INDISCIPLINA
CÍVICA
Durante largo
tempo, a comunicação social escalpelizou a cadente questão da mudança de nome
do aeroporto de Santa Catarina para CR7. Passado o ruído, rapidamente a atenção
das pessoas foi desviada para outros factos.
Desta vez, o
assunto é bem mais sério. A Comunicação Social deu-nos conta de actos de
indisciplina cívica que, pondo em causa a segurança de pessoas e bens, a todos
preocupa. Temos por adquirido que cabe ao Estado o uso da força, nos limites da
lei, para nos garantir que nada de mal nos acontece. É essa disciplina cívica
que leva o Estado a gastar dinheiro nas viaturas da PSP com a inscrição Escola
Segura.
O mediático
futebol, de repente, acordou para a violência que, grassando desde há muito, sempre
se ignorara. Juntou-se-lhe o “clássico” das Férias de Páscoa em Espanha. Nenhum
destes factos que agora extravasaram para a comunicação social é novidade. Enquanto
eles se limitaram a aparecer em pequenas notícias dispersas não demos conta de
nada. Quem não se recorda de ler/ver notícias de espectáculos futebolísticos
onde ocorreram mortes? Quem nunca viu enquadramentos policiais de
frequentadores de espectáculos futebolísticos como se de “guerreiros” se
tratassem? Quem não se recorda de, em Páscoas anteriores, ter lido notícias de
desacatos feitos por estudantes?
Dar o nome do
Cristiano Ronaldo ao aeroporto, não interfere directamente connosco. Pode bem a
questão ser tratada sem reflectirmos sobre ela. Diferente, muito diferente, é
não reflectirmos sobre a formação dos nossos jovens, ou admitirmos que se coloquem
em risco Pessoas e Bens. Nestes casos urge ir ao cerne da questão. Cabe, à
Comunicação Social, para mais numa sociedade com apenas 43 anos de Liberdade de
Expressão, uma função didáctica para que os cidadãos distingam o essencial do
acessório.
Estaremos nós a
garantir uma boa formação aos nossos jovens? Não lemos, não vimos, nem ouvimos
notícias que, há anos, nos dão conta de bulling nas escolas, de papás
indignados que, impunemente, ousam esbofetear Profs. por cometerem o “crime”
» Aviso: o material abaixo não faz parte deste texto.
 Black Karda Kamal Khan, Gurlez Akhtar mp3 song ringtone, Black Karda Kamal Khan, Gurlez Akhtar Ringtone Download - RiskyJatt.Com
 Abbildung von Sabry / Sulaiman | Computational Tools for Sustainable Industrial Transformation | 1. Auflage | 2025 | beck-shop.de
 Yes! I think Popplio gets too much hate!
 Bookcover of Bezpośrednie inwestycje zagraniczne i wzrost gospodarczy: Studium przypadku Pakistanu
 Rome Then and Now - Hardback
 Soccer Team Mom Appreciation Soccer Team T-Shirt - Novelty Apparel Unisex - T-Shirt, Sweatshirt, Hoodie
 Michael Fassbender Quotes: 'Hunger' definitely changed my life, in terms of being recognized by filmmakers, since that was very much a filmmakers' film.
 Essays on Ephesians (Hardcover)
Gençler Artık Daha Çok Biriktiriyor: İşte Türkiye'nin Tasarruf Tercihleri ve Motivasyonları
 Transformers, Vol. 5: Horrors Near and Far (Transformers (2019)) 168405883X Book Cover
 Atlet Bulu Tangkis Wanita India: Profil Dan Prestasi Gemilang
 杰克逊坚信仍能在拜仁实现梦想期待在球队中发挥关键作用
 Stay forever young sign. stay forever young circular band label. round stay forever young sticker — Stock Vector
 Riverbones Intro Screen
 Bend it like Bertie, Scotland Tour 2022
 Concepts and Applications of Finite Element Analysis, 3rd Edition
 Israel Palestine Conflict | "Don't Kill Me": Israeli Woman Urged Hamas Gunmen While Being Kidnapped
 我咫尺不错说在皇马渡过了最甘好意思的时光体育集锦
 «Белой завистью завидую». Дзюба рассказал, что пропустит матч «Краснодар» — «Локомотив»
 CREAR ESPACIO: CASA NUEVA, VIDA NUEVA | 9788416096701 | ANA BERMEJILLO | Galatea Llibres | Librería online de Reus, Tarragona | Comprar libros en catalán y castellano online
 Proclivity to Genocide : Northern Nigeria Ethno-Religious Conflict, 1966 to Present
de não deixarem os educandos usarem o telemóvel nas aulas? Quantas
notícias vimos/lemos de professores com problemas do foro psíquico pelo
desrespeito permanente de que eram vítimas nas escolas? A comunicação social,
muita dela, deu estas notícias, outra (mais do que seria desejável) escondeu-as.
Acho que nenhuma comunicação social – comentadores incluídos – fez pensar as
pessoas sobre as consequências desta demissão de quem mandava. Gerámos e
gerimos, em 43 anos, um sistema educativo, onde filhos e netos ficaram
adolescentes – não assumem a responsabilidade dos seus actos – a vida inteira. Alguém,
os eleitos por nós na companhia dos nomeados para coadjuvá-los na Administração
Pública, deveria estar atento a este Interesse Colectivo que é formar Cidadãos
responsáveis.
O futebol, nos
nossos dias, beneficia de facilidades financeiras, impensáveis no passado. Vive
em mancebia com a especulação financeira gerando negócios que, em última
instância, podemos acabar pagando. Basta que as avultadas dívidas de muitos
clubes à banca, obtidas na promiscuidade entre os poderes político e
financeiro, se transformem em imparidades para sermos chamados a pagar. Os
clubes fazem vida de ricos, e criam poderosas centrais de propaganda que, alimentando
o mito do “amor à camisola” junto dos fervorosos adeptos, os levam a confundir
desporto com espectáculo futebolístico. Foi notícia, não desmentida, que o
responsável pela propaganda de um dos clubes do nosso futebol aufere um salário
de € 5.000 mês. O felizardo, se calhar declara, para o IRS, o salário mínimo. Quem
manda aceita e promove estas aberrações.
Não parece, eu
sei, mas a sociedade da riqueza virtual em que vivemos está perigosa. Os
jovens, a quem tudo facilitámos, tornaram-se irresponsáveis e, mais grave,
ficaram sem futuro graças a pusilanimidade vigente. A sociedade do futuro
estará ainda mais dividida entre aqueles que serão remunerados a partir da
riqueza financeira – começando no Goldman Sachs, acabando no hiper-bem-pago
director de comunicação do clube de futebol – com os profissionais das várias
actividades, possuidores de formação superior, pagos pelo salário mínimo ou desempregados
dependurados na magra reforma dos pais.